• [Work request] From the records below, please repeat exactly the line that has "Zara Camicette: Zara", the line that has "RAINBOW RHINESTONE BODY CHAIN TOP", and every line between them, and nothing else.

• [Information]

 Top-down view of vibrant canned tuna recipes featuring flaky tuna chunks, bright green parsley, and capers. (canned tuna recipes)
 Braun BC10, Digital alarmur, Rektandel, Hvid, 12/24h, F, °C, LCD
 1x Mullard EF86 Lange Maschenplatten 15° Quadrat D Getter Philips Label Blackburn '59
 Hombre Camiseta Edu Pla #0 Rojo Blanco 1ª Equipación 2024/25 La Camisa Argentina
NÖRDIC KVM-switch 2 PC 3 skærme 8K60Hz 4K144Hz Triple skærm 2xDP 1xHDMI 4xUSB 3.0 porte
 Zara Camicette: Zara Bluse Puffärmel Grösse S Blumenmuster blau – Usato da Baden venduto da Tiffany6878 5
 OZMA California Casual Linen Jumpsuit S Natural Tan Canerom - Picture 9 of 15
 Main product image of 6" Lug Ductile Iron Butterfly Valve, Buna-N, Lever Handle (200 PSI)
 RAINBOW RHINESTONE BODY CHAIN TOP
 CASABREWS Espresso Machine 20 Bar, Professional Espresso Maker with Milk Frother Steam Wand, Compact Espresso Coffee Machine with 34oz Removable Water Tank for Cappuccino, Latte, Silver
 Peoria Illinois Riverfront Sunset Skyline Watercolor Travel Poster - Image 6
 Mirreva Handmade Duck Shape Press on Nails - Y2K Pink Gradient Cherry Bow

• [Task response]
 Zara Camicette: Zara Bluse Puffärmel Grösse S Blumenmuster blau – Usato da Baden venduto da Tiffany6878 5
 OZMA California Casual Linen Jumpsuit S Natural Tan Canerom - Picture 9 of 15
 Main product image of 6" Lug Ductile Iron Butterfly Valve, Buna-N, Lever Handle (200 PSI)
 RAINBOW RHINESTONE BODY CHAIN TOP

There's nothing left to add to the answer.